Optimal Threshold vs. Upsampling

Dealing with Unbalanced Data

Machine Learning

Classification

Author

Arcenis Rojas

Published

February 15, 2023

Introduction

In any binary classification analysis it is common to have to deal with heavily unbalanced data, i.e., the frequency of the majority class in the dependent variable is overwhelmingly greater than that of the minority class. One of the main reasons this can be problematic is that many classification algorithms are biased toward the majority class. If 95% of the observations belong to the majority class in the training data and the algorithm always predicts the majority class, then it will have achieved 95% accuracy.
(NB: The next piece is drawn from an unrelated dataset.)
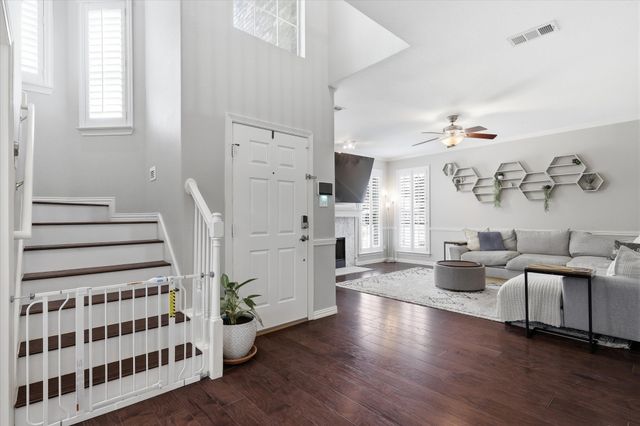 4055 Briarbend Road, Dallas, TX 75287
There are many ways of dealing with unbalanced data including changing from a classification algorithm to an anomaly detection algorithm like an isoforest or a one-class SVM, using SMOTE to re-balance the data sets in pre-processing, up- or down-sampling, and changing the classification threshold. Here I will only deal with up-sampling and changing the classification threshold to see how it affects classification metrics by way of going through an exercise. I’ll first create and tune a base model then do the same for an up-sampled model using Tidymodels (Kuhn and Wickham 2020). Hyperparameter tuning will be done with the finetune package (Kuhn 2023a). I’ll then find the optimal threshold for each using the probably package (Kuhn, Vaughan, and Ruiz 2023). Finally I’ll show a comparison of their respective classification metrics.

Code

library(tidyverse)
library(tidymodels)
library(colino)
library(themis)
library(finetune)
library(probably)
library(skimr)
library(knitr)
library(kableExtra)

conflicted::conflict_prefer("filter", "dplyr")
conflicted::conflict_prefer("select", "dplyr")
tidymodels_prefer()

Lending Club Data

For this project I’ll be using the lending_club data set from the modeldata (Kuhn 2023b) package. The data contain the Class variable which indicates whether a loan was “good” or bad”. For the purposes of this analysis I also will consider the “bad” outcome as the event to predict.

Data Exploration

The first step is to load the data using the readr package from the Tidyverse (Wickham et al. 2019) and summarize it using the skimr package (Waring et al. 2022).

Code

data("lending_club", package = "modeldata")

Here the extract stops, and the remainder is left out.